| Les virus, worms 2/2 |
Les Worms de leurs cotés se diffusent souvent plus directement par des buffers/stack/heap overflow, ainsi Slammer a pris plusieurs dizaines de milliers de serveurs d'assaut en quelques minutes. Certains sont agrémentés de backdoor, et beaucoup d'entre eux reste « privés » pour que les pirates puissent utiliser les PC infectés (dit zombies) quand ils en auront besoin, par exemple pour lancer des attaques par dénis de services (D.O.S).
Le foyer de la primo infection (la « patient zéro ») est extrêmement rarement trouvé, sauf quand les pirates « signent » leurs ouvres ou font la bêtise de lancer les infections à partir d'un même endroit.

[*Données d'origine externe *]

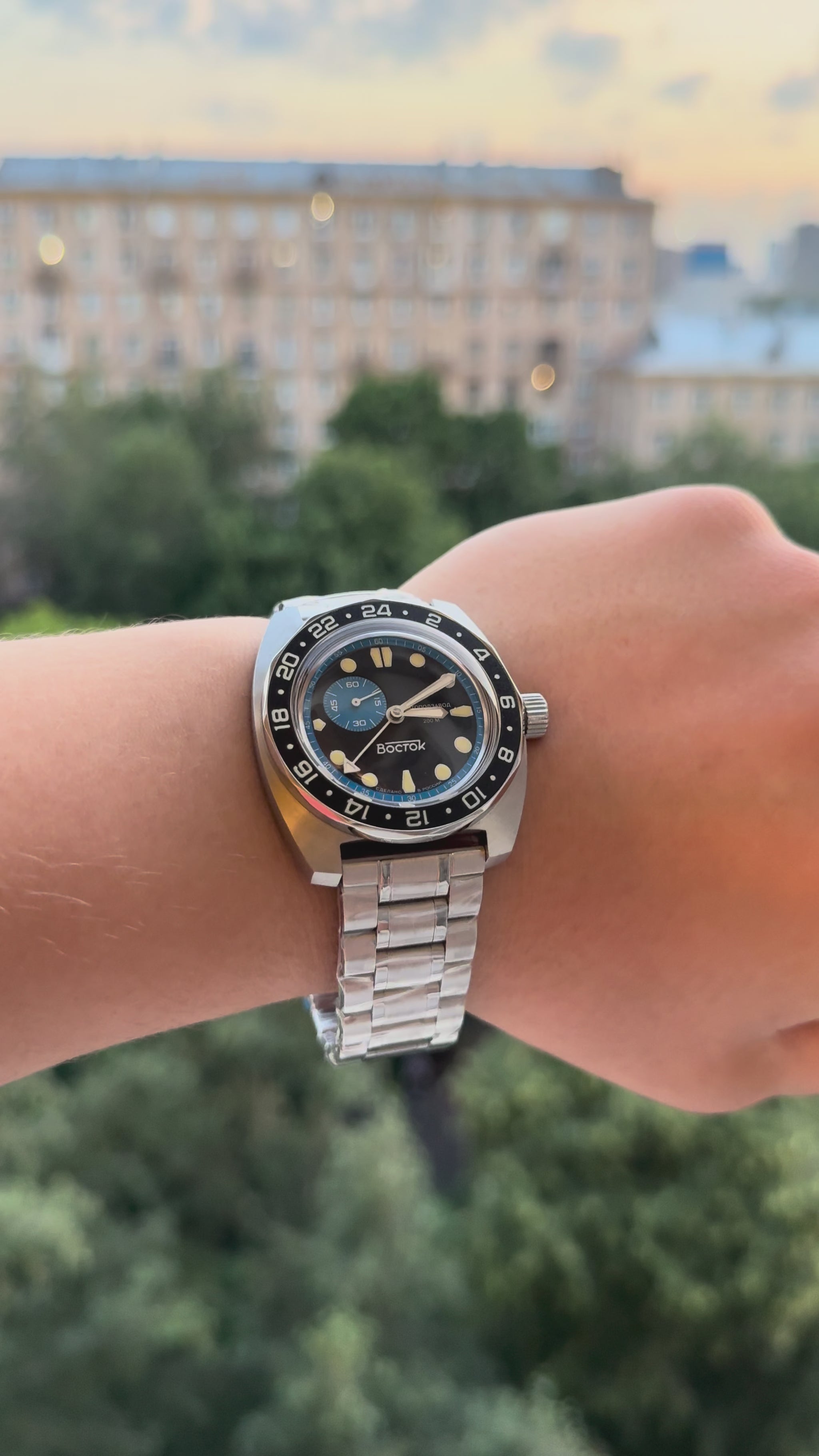 Vostok Amphibia 17034B GMT Watch Batman | Scubadudestore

Les buts restent les mêmes, nuire, détruire ou paralyser les systèmes. Les réponses sont variables, antivirus bien entendu, certains IPS (comportementaux notamment) peuvent empêcher la propagation ou les destructions, les IDS peuvent repérer les worms et les firewall bloquer leurs progressions à travers les réseaux.
Attention cependant avec les antivirus aux « dix heures de la mort » qui représente le temps moyen entre la détection d'une nouvelle souche et la mise à jour des bases de signatures des antivirus. Certaines société mettent jusqu'à 96 H, d'où l'intérêt de l'IPS dans ces cas.